As a new father looking to continue training, the name of the game is making the best use of your now extremely limited resources. Before your little bundle of joy came screaming into the world, you could afford an extra 15min at the gym gabbing with your buddies about Bench Press PRs, but those days are over. Now, instead of Rowing Intervals, your “finisher” might be running to the Grocery Store to pick up diapers and Vaseline. This doesn’t mean your fitness is reduced to beer curls though. Follow my simple rules and you’ll come out the other side, fit, and most notably, a decent father. Here’s your fitness survival guide to being a new dad.

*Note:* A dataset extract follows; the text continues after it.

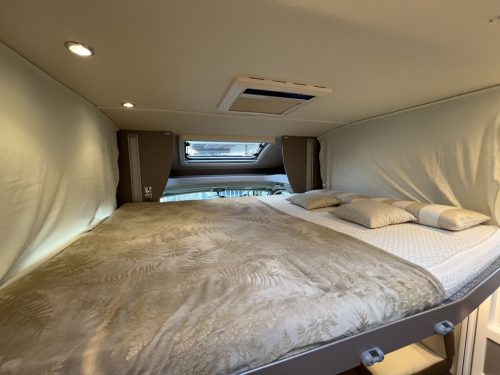 B&uuml;rstner Lyseo 684G HARMONY LINE HEFBED+9T AUTOMAAT FIAT 8 Foto: 2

Family First: Make no mistake about it, the number one priority in your life as a new father is, and should be, your family. If I have to choose (for myself or my clients) between getting jacked like Wolverine or being a better father/husband, the latter will win-out every single time. Repeat: EVERY SINGLE TIME. The world needs good parents way more than it needs another yoked dude stomping around Golds Gym. As a result, the main objective underlying this entire essay concerns your new full-time job: being the absolute best father and husband you can, every single day. Luckily, there are a few tricks to making sure your fitness doesn’t completely fall apart during this hectic time and maintaining a “Family First” mentality is top of the list. That means, if your wife is stressed and needs your help at home, the gym gets set aside that day. Instead of 10x10 Bench Press at the gym, you’re doing 10min Max Push Ups in the kitchen. It might be a tough pill to swallow at first, but adaptability is just as much a part of fitness as strength is, so grab a watch/timer, and start doing Push Ups. Your wife will appreciate it.

(Pictured: Dada and Cece enjoying some morning curls.)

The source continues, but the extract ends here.